В этих смысловых оттенках, которые ни одна из сторон не имела желания особенно акцентировать, проявляется разница антиаристократизма славянофильского, с одной стороны, и того, чьим выразителем в данном случае оказывается Беляев, который по существу куда ближе в данном случае к взглядам М. П. Погодина – идее демократического царства, где равенство обретается в равном бесправии перед монархом. Впрочем, маловероятно, чтобы представленный текст не удовлетворил Самарина по этим основаниям – с одной стороны, он был представлен слишком поздно, когда реформаторское оживление в отношении земств сменилось после каракозовского выстрела неопределенным «консерватизмом», с другой – историческая конкретизация, осуществленная Беляевым, произошла в ущерб концептуальной отчетливости в первую очередь столь ценимого славянофилами противопоставления земского и государственного начал: в эмпирическом материале Беляева они упорно срастались в слабо дифференцированную массу, лишь время от времени сопровождаемую программными уточнениями, не находящими опоры в тексте, до некоторой степени подтверждая злой отзыв Б. Н. Чичерина, писавшего в мемуарах о Беляеве
Сам Беляев оставался близок к славянофильскому кругу вплоть до своей кончины, а после его смерти именно А. И. Кошелев, в свое время издававший и редактировавший «Русскую беседу», в которой публиковался Беляев, взял на себя не только материальные издержки по подготовке и опубликованию текста «Лекций по истории русского законодательства», но и уговорил «наследников собрать все собственноручные тетради лекций покойного» и приискал ученика Беляева, С. Петровского, согласившегося выполнить работу по редактированию и изданию (Беляев, 1999:21). Беловая рукопись «Судеб земщины.» с правкой И. Д. Беляева осталась в архиве Ю. Ф. Самарина, уже после кончины которого, в связи с общественным оживлением начала века, вызвавшим новый всплеск интереса к началам представительства в русской истории и их славянофильской трактовкой, была предоставлена для опубликования Д. Ф. Самариным. В этом бережном отношении к наследию ученого также проявляется характерная черта славянофильства – не только в теоретическом интересе к прошлому, но и к умению сохранять память о собственном прошлом, к бережению традиций в самом непосредственном, бытовом смысле.
2.2. Александр Герцен
Советский Герцен
Герцен с молодых лет мыслил себя существом исключительным – тем, чья жизнь достойна увековечения и над чьим опытом и размышлениями будут задумываться еще много поколений после него. Такая претензия показалась бы странной и смешной, не осуществись она вполне – подобно тому, как мы, читая «Божественную комедию», ничуть не удивляемся строкам Данте, в которых он помещает себя в круг величайших поэтов, поскольку для нас, как, впрочем, уже для ближайших потомков Данте, ясна банальная справедливость подобного решения – и автор лишь фиксирует данность. Впрочем, тот же casus Dante показателен и в ином отношении – история восприятия Данте, попыток осмыслить его произведения и его жизнь (в разных сочетаниях, используя одно как «ключ» к другому, и наоборот) говорит нередко больше о времени, когда пишутся тексты «о нем», чем о временах Данте. Так и в нашем случае речь пойдет о Герцене как «символическом персонаже» – точке схода разнообразных дискуссий, персонаже, через которого нередко больше раскрывается в позициях дискутирующих, чем в объекте их разговора.
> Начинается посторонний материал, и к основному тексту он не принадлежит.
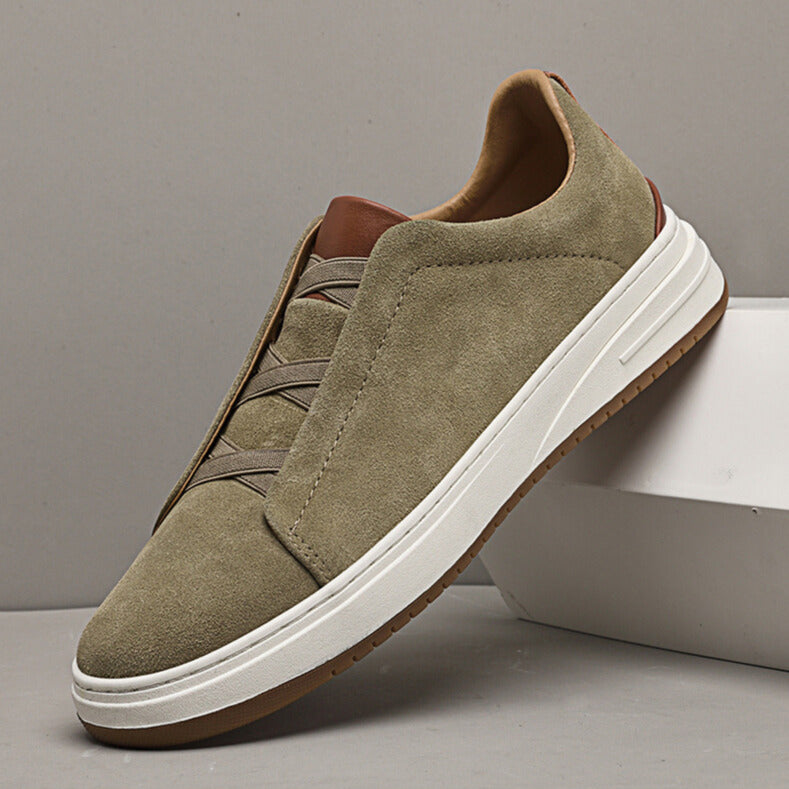 Chaussures sans lacets en daim pour homme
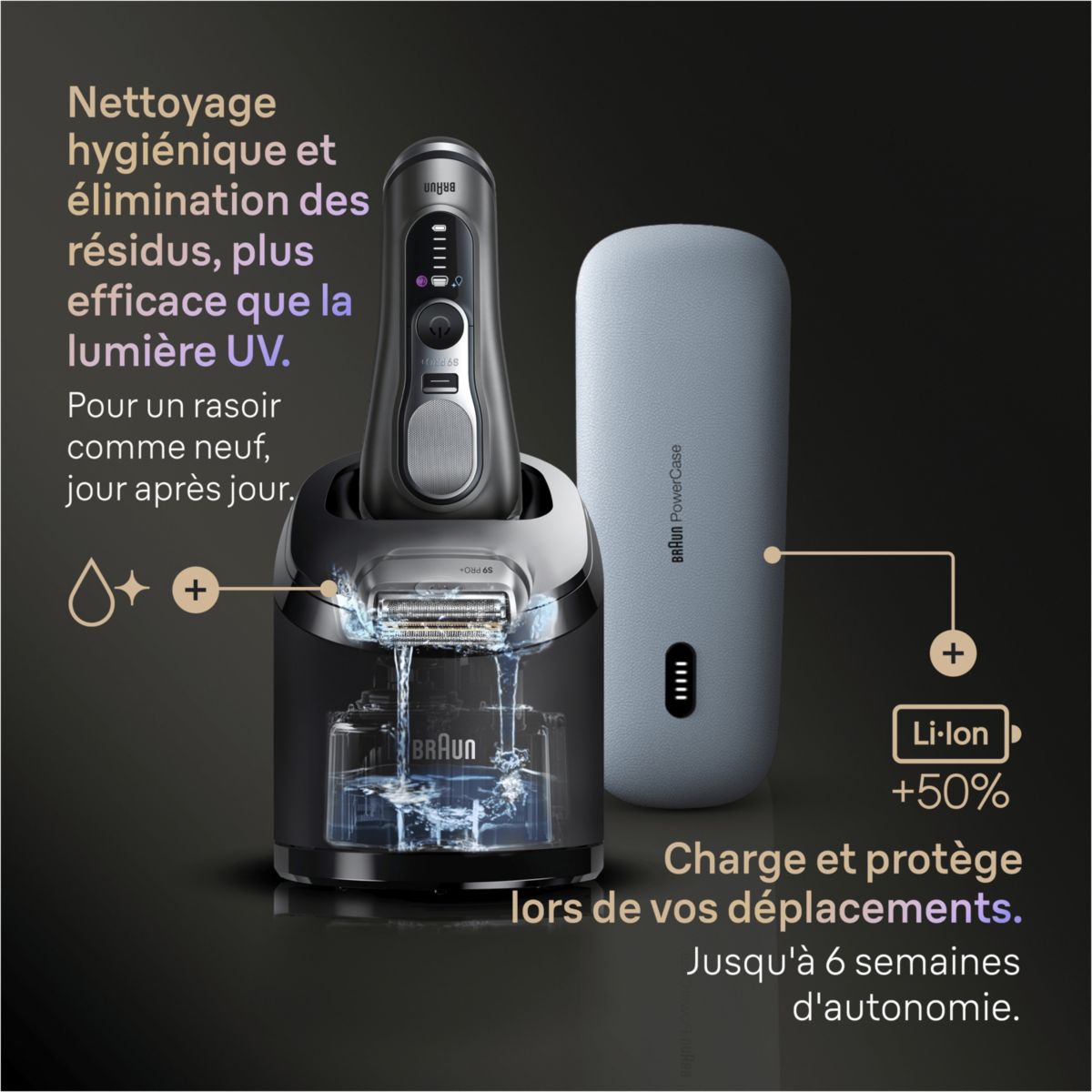 Rasoir électrique Series 9 9675cc Clean&Charge couleur unique, BRAUN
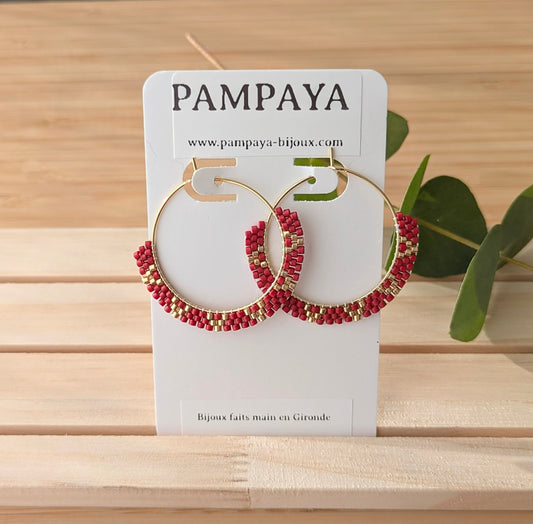 Créoles rouges et dorées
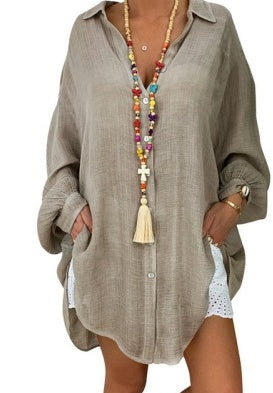 Breezy Summer Loungewear Blouse with Side Pockets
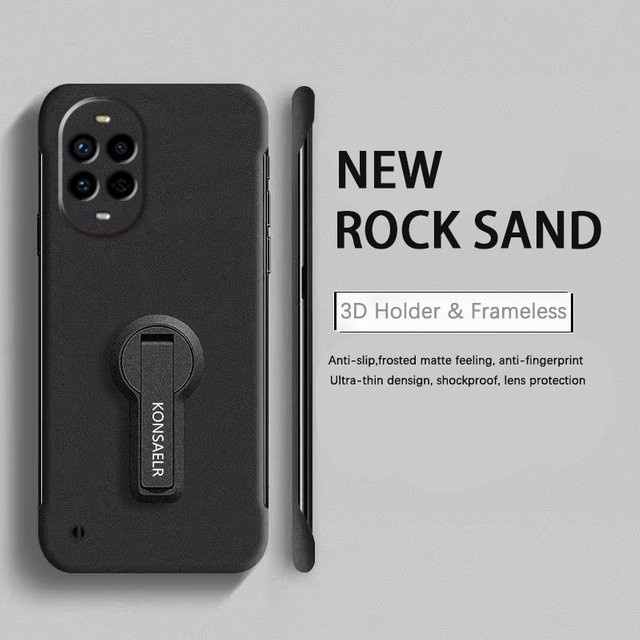 LYYDFUMAN Schutzhülle mit Rock Sand Matte Optik und integriertem Drehbarer Halter für HONOR X9C X9A Magic 7 Lite Pro in Schwarz und Grün - Bild 1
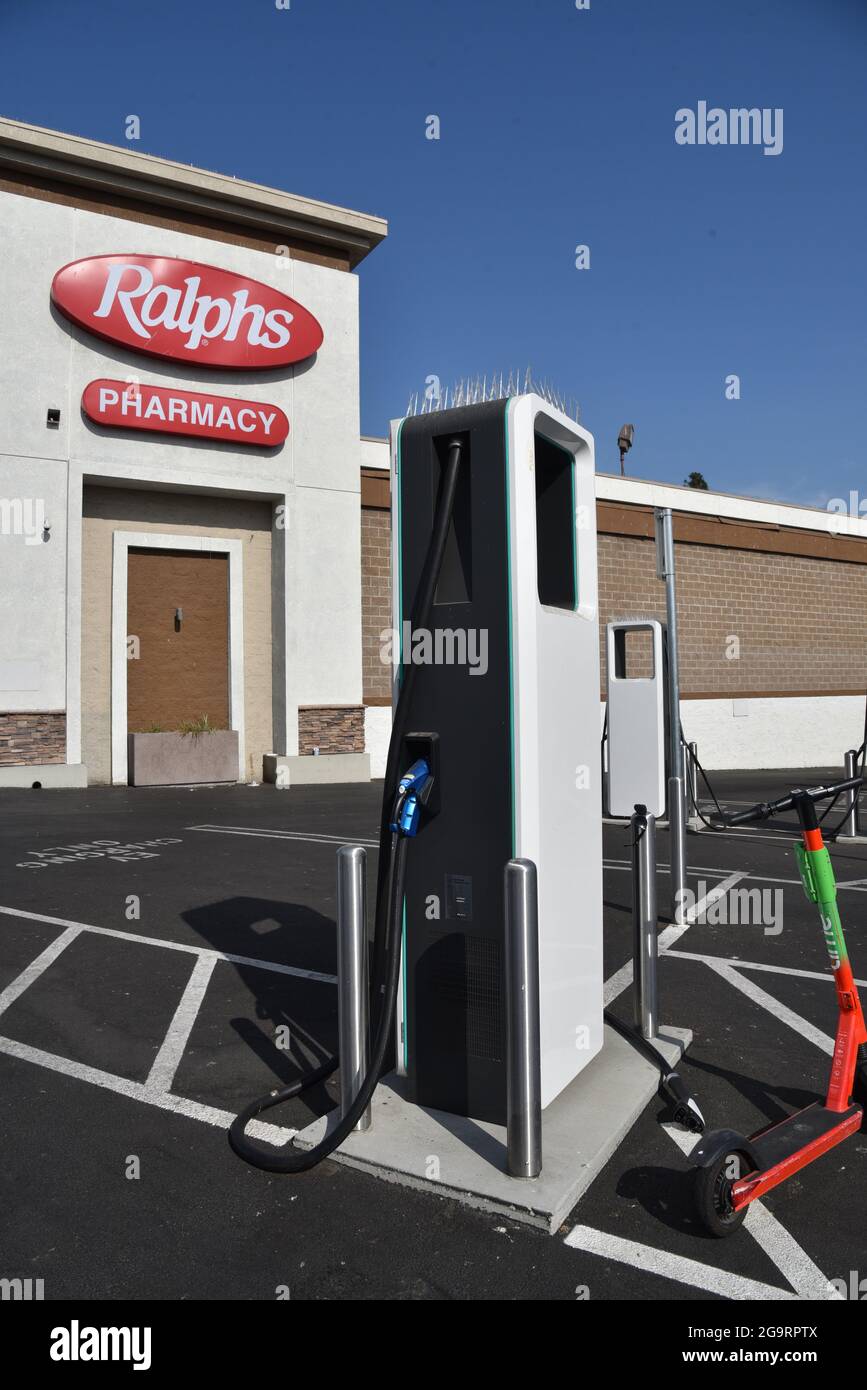 Los Angeles, CA USA July 21, 2021 Electric Vehicle charging stations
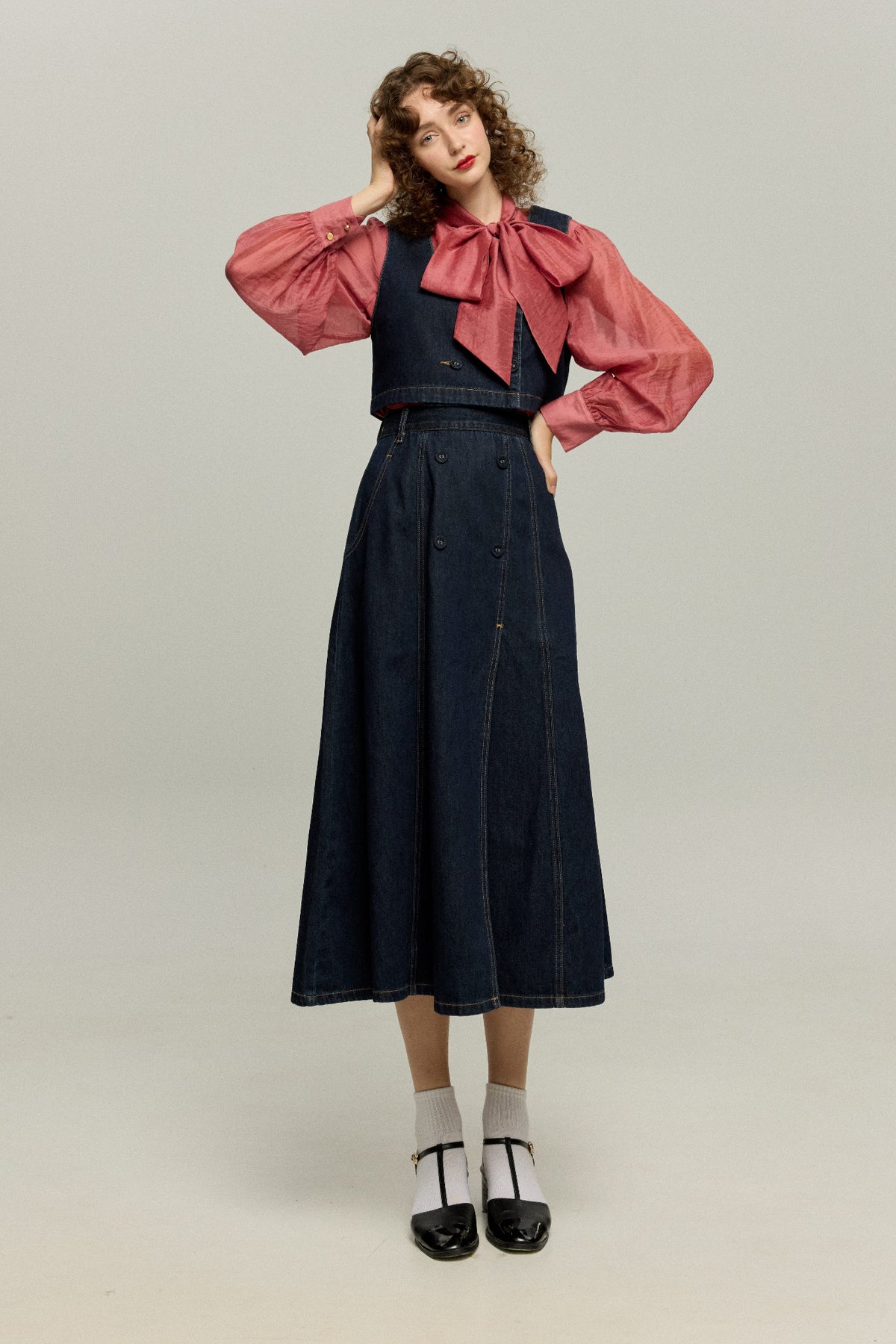 《Maybe It’s a Spaceship》Double-Button High-Waisted Denim Skirt – Navy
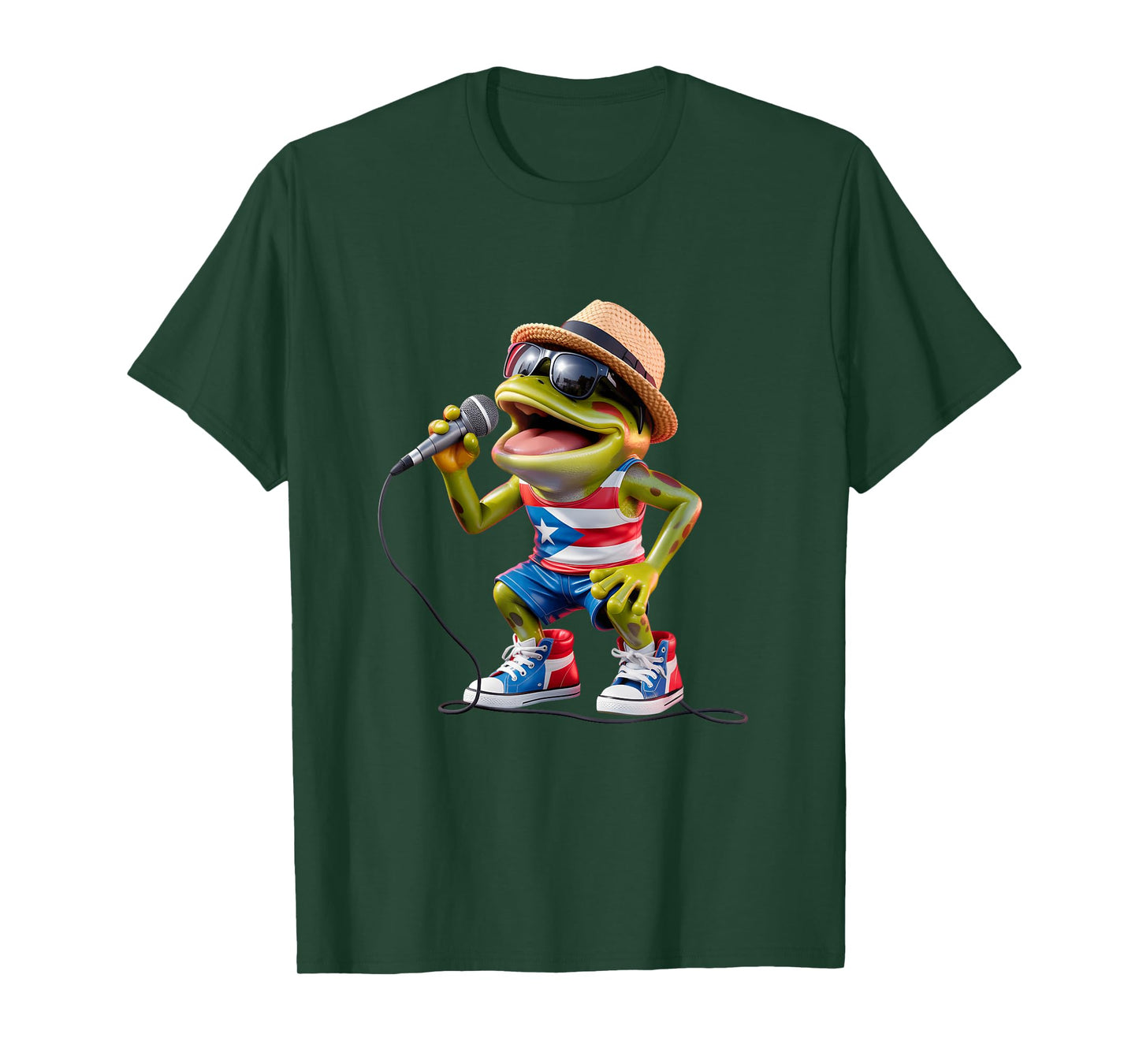 Singing Coqui Puerto Rican Flag Sunglasses Boricua Hat Fun T-Shirt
Герцен в русской мысли с самого начала его посмертной истории оказался трудным персонажем, не включаемым ни в какие традиционные схемы: народникам и их преемникам он был близок по многим провозглашаемым политическим целям, служил иконой как революционер и эмигрант, но в то же время его мировоззрение было отделено от них пропастью: что общего между мыслителем, фактически оказавшимся одним из первых представителей «экзистенциалистского» поворота (при всей условности данного термина), и вполне типичными носителями позитивистских, безнадежно вторичных философских идей русского народничества? Русский либерализм в целом высказался вполне в духе Чичерина – последующие формулировки были, как правило, мягче, исходя из «уважения к заслугам», но размежевание было фундаментальным и непреодолимым: для русского либерализма «Европа» непременно оставалась «чаемым образом русского будущего» (в котором можно было сомневаться или отчаиваться, но не отрекаться от желаемого), тогда как для Герцена сама «Европа» перестала быть идеалом – то, что выступало объектом мечтаний либералов, в герценовской перспективе оказывалось отвергнутым радикально и последовательно. Впрочем, и для революционеров, и для либералов привлекательным оказывался «пафос личности», предельно ярко выраженный Герценом (впрочем, для революционеров он выступал преимущественно в плане критики существующего, а для либеральной традиции его удовлетворительным выражением выступал «правовой строй», нечто едва ли не прямо противоположное анархическому духу Герцена, эстетическому в своих основаниях). Критика «Европы», «Запада» делала Герцена привлекательным для русских консерваторов разных оттенков – от К. Н. Победоносцева до Н. Н. Страхова, но по вполне понятным причинам это была преимущественно «негативная» привлекательность: родственность в отвергаемом и единство в готовности возложить свои надежды на Россию при почти полном разномыслии в содержании этих надежд. Герценовский образ чаемой России всегда оставался парадоксальным соединением аграрной утопии и воспоминаний об аристократической вольнице екатерининской эпохи, украшенной более глубокими интеллектуальными запросами последующих царствований. Его анархизм слишком крепко сидел в дворянской Москве времен его молодости и воспоминаний о прошлом (к эпохе своих дедов он всегда чувствовал глубокое расположение), живя стремлением стать универсальным.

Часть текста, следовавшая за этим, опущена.